Restate the data that follows exactly as it stands, beginning with the first line and ending with the line that contains "Купити KI9010KIT MSG".

• **GIVEN INFORMATION**:
□ □ □ □ □

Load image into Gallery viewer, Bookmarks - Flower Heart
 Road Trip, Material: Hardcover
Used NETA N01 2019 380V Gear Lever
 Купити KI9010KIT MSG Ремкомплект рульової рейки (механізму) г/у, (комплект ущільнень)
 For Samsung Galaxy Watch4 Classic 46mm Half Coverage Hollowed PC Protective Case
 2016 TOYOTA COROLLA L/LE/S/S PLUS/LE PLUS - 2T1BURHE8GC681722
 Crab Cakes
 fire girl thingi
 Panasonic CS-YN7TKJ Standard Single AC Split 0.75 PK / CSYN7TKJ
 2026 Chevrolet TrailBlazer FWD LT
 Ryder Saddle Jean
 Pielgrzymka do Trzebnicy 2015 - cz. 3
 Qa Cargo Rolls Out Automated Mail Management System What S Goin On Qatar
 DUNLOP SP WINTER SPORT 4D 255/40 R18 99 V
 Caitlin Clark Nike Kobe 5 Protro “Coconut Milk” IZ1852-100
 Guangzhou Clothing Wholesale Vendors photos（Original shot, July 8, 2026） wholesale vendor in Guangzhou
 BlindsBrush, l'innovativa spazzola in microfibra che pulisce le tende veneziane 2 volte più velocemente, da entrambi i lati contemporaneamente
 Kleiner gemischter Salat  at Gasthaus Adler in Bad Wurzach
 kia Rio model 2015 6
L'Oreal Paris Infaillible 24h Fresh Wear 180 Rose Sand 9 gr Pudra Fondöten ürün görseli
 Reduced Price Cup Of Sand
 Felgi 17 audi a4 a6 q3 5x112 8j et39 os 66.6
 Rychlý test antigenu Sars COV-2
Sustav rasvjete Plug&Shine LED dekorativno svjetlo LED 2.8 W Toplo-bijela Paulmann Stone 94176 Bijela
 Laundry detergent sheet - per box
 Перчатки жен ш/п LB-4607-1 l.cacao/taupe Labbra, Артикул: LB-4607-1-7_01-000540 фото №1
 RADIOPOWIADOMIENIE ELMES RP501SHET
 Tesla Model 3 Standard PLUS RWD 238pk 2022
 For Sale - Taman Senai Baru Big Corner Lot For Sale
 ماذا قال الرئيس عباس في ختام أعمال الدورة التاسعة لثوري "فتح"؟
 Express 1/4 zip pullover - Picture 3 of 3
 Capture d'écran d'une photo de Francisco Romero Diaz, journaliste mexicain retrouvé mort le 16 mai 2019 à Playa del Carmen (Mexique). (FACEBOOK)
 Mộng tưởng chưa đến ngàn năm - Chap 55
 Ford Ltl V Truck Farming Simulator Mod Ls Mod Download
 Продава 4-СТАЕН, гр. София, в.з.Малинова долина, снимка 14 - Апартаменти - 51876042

□ □ □ □ □

• **RESULT BELOW**:
Load image into Gallery viewer, Bookmarks - Flower Heart
 Road Trip, Material: Hardcover
Used NETA N01 2019 380V Gear Lever
 Купити KI9010KIT MSG Ремкомплект рульової рейки (механізму) г/у, (комплект ущільнень)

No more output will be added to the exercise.